**Extracted records**
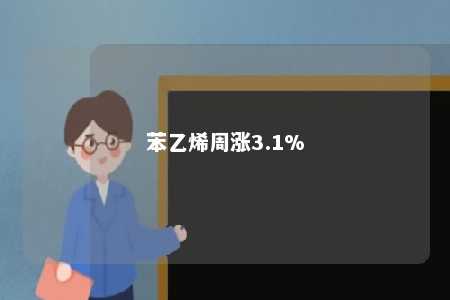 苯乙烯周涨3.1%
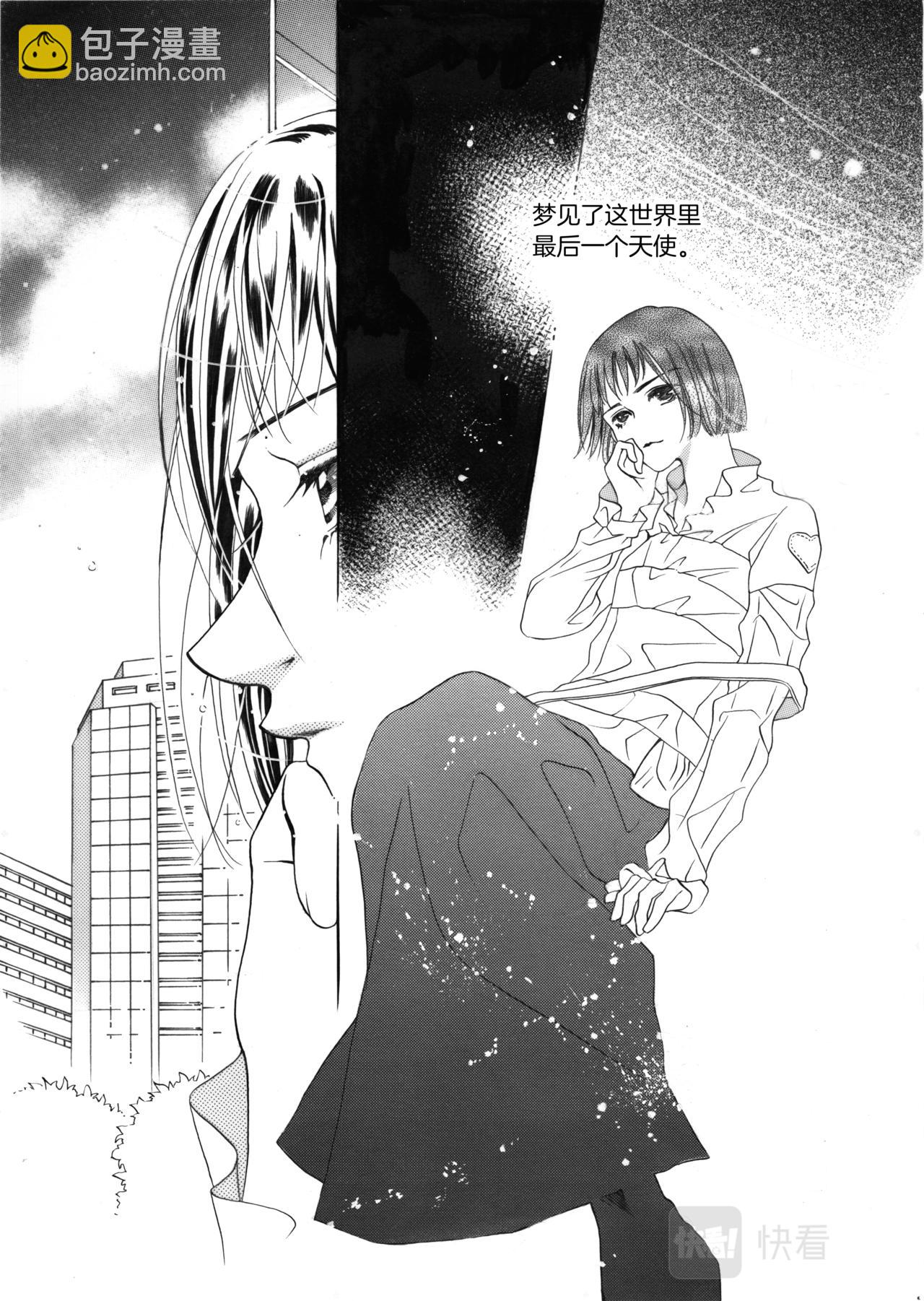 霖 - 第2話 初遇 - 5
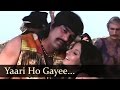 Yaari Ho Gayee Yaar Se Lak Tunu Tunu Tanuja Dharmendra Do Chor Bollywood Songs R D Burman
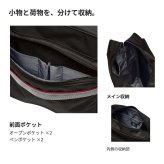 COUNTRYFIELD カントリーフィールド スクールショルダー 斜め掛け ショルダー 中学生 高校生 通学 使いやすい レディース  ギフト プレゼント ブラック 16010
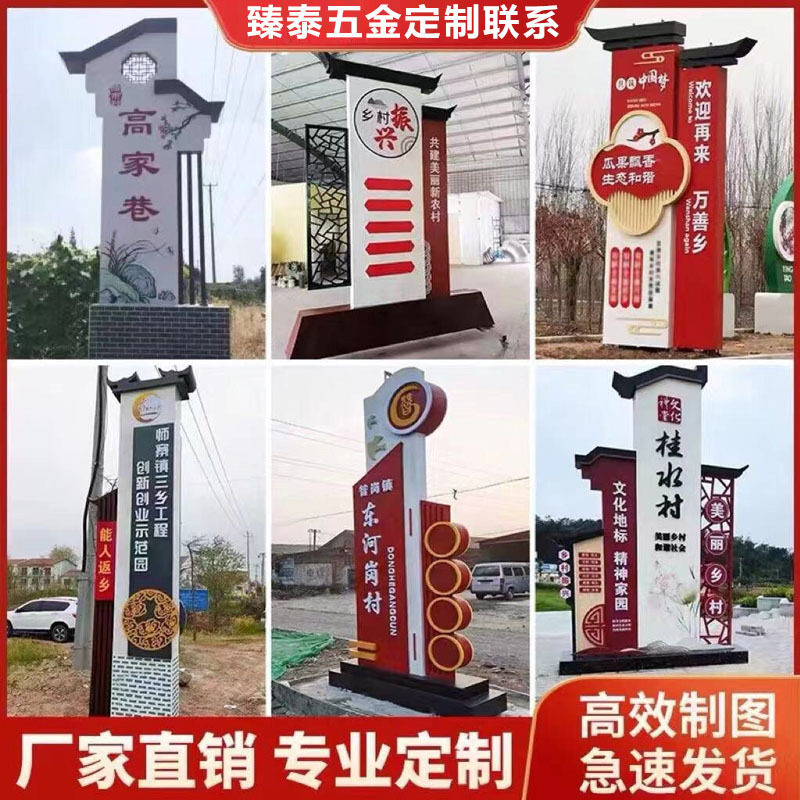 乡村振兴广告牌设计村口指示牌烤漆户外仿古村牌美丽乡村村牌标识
...
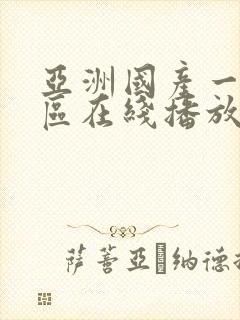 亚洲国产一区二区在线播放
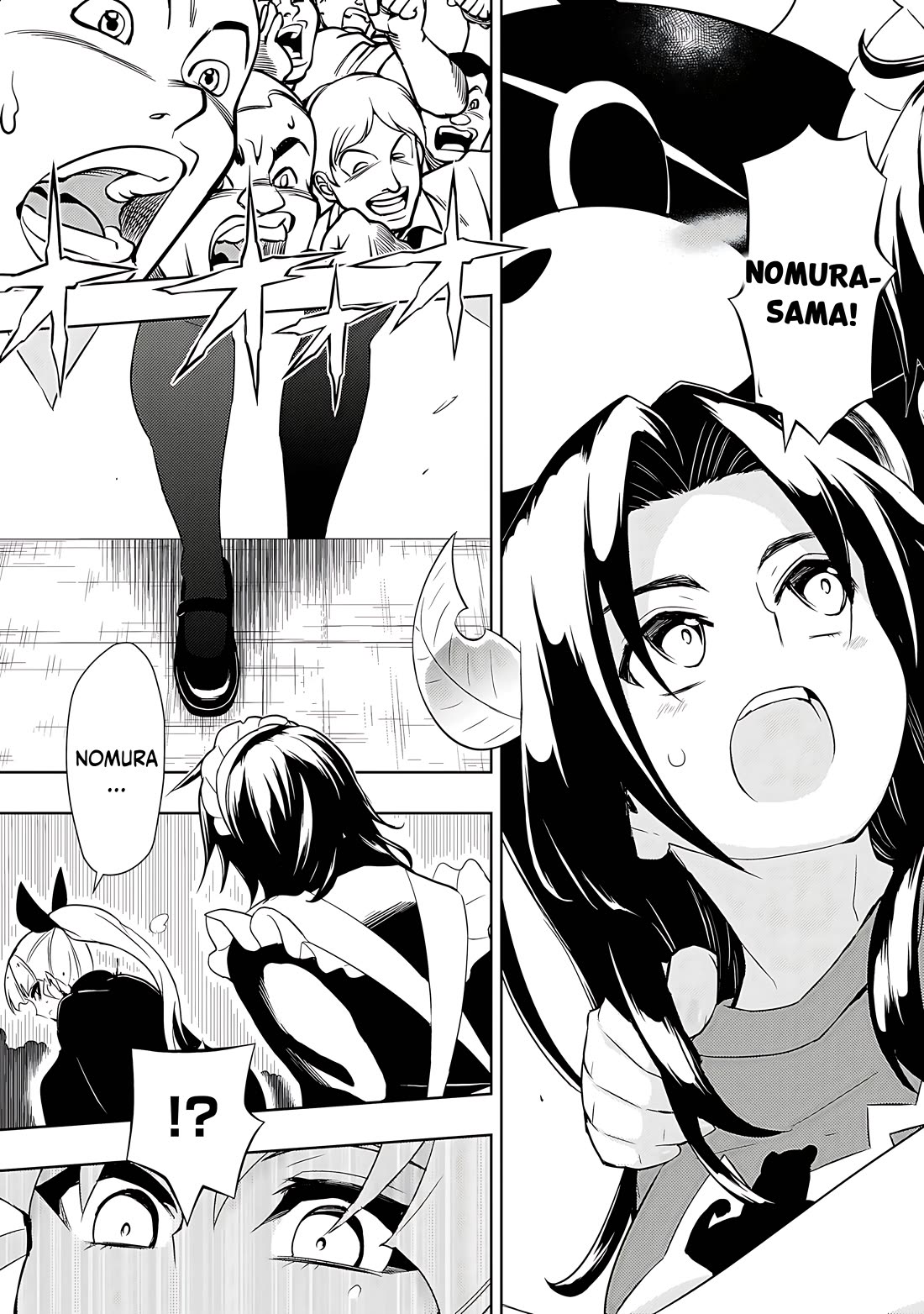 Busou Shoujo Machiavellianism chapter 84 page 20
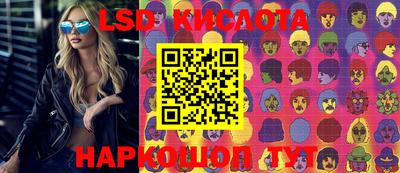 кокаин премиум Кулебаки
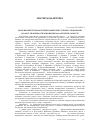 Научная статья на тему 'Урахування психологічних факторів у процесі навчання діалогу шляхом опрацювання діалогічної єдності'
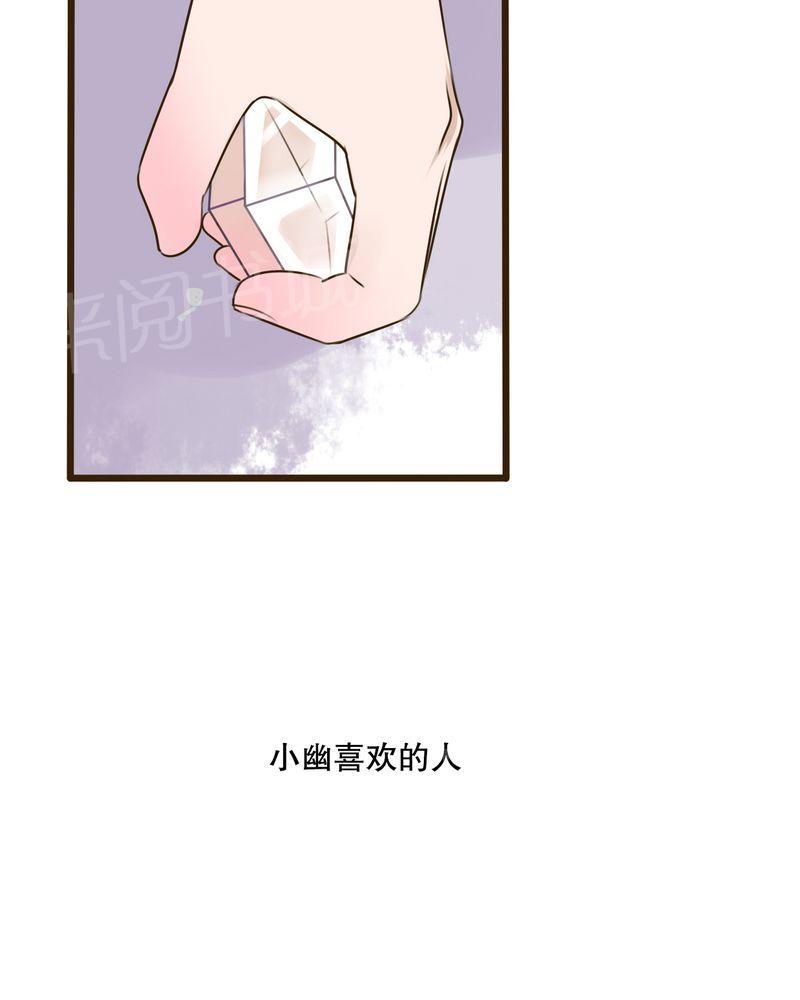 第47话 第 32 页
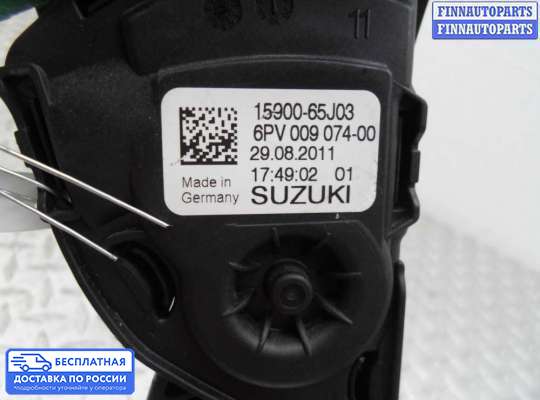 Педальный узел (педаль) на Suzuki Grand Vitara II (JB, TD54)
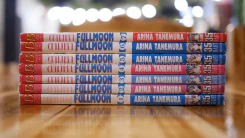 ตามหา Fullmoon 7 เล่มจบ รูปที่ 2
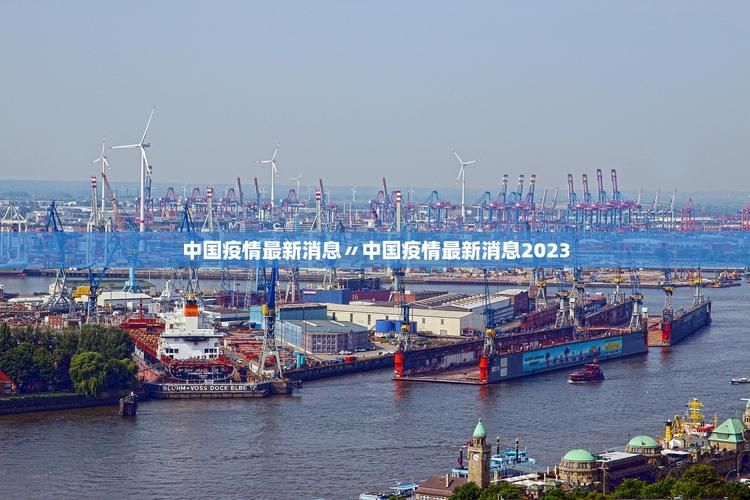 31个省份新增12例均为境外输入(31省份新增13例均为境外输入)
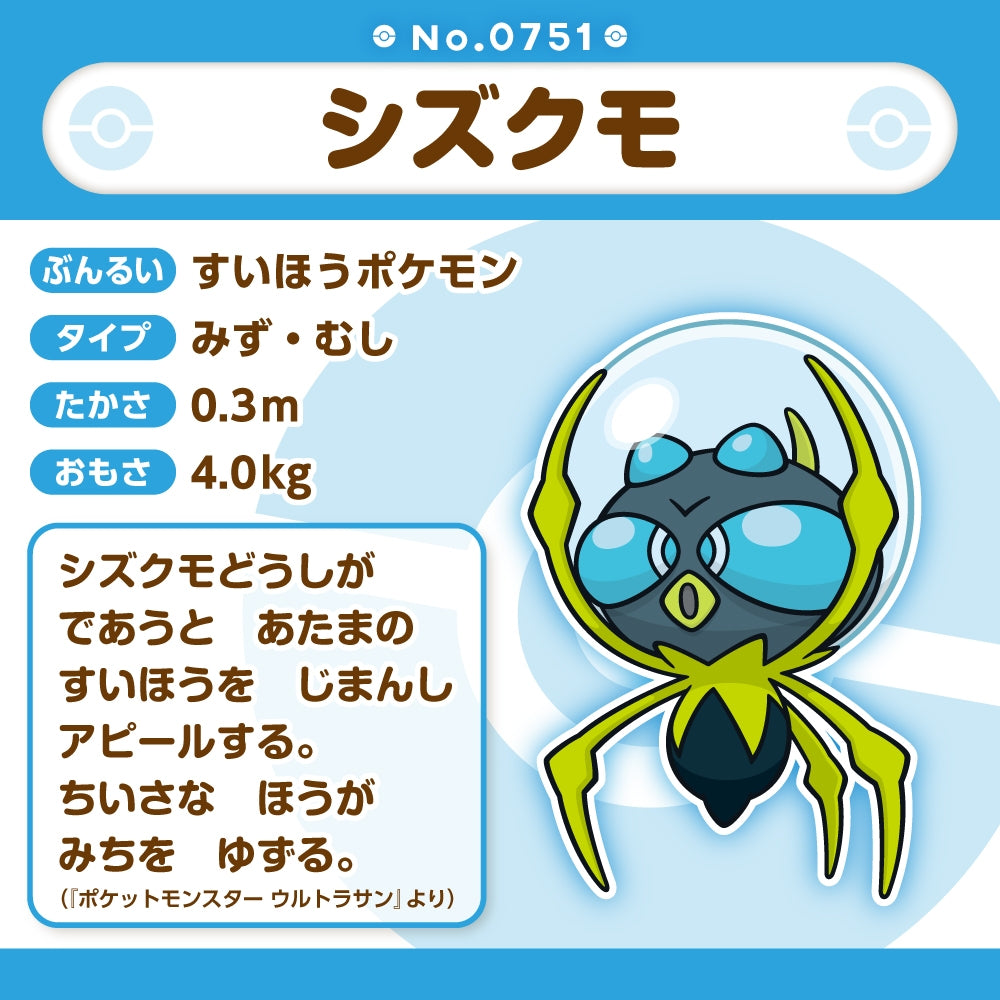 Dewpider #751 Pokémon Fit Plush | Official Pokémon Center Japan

**EXERCISE**
Although the records hold pictures, the copy must not; give again exactly the lines from the one with "31个省份新增12例均为境外输入(31省份新增13例均为境外输入)" through the one with "Dewpider #751 Pokémon".

**EXERCISE SOLUTION**
 31个省份新增12例均为境外输入(31省份新增13例均为境外输入)
 Dewpider #751 Pokémon Fit Plush | Official Pokémon Center Japan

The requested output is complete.